Average Precision on 5K COCO validation set [1]

We tested the DETR on two test images using pre-trained ResNet101 DETR model. The model performed really well in both test images. In test image 1 object class of COCO dataset such as person, couch, laptop potted plant and vase with multiple instances were identified correctly and accurately. In test image 2, objects such as elephants, giraffe, zebra and bird were identified correctly and accurately.
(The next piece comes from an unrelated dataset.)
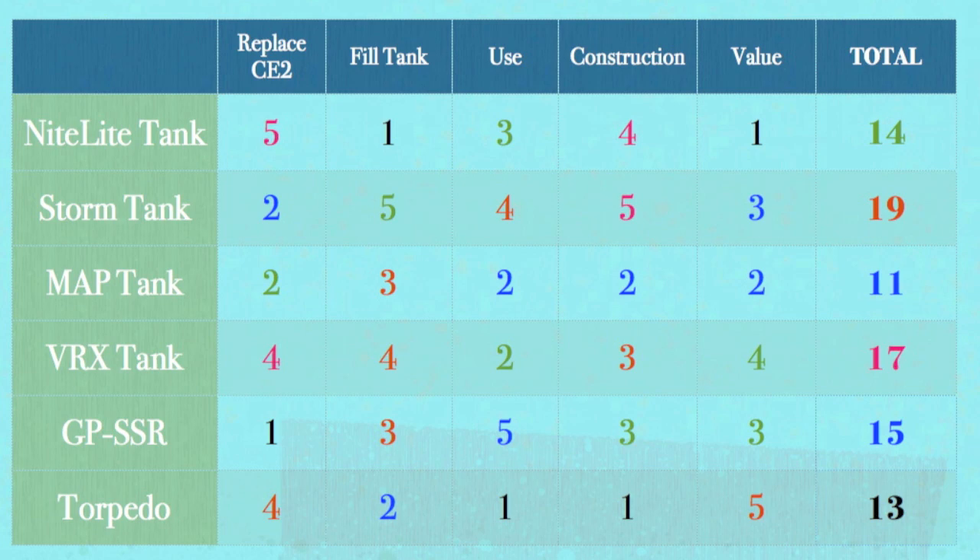The map wins, but it doesn't win in any particular category — it just wins because it's the standard across the board. My next favorite is the torpedo: a little expensive, but it has some great advantages in construction, ease of use, and filling. For 10 bucks, you cannot go wrong with the nightlight tank, although you may not want to bring it out and about. The SSR is great for changing the CE2 but has a couple of other disadvantages. And those are the final results on tanks.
Test image 2: Image of wild life animals

Conclusion

A new paradigm of object detection method is introduced through DETR and it is the first object detection framework that successfully integrated Transformers in object detection pipeline. DETR will help to bridge the gap between NLP and computer vision in future research and innovation. DETR is simple to implement and does not require special libraries. The inference code can be implemented in 50 lines of code. DETR can also be used in model interpretation by attention mechanism visualization which highlights the parts of the image that caused the prediction.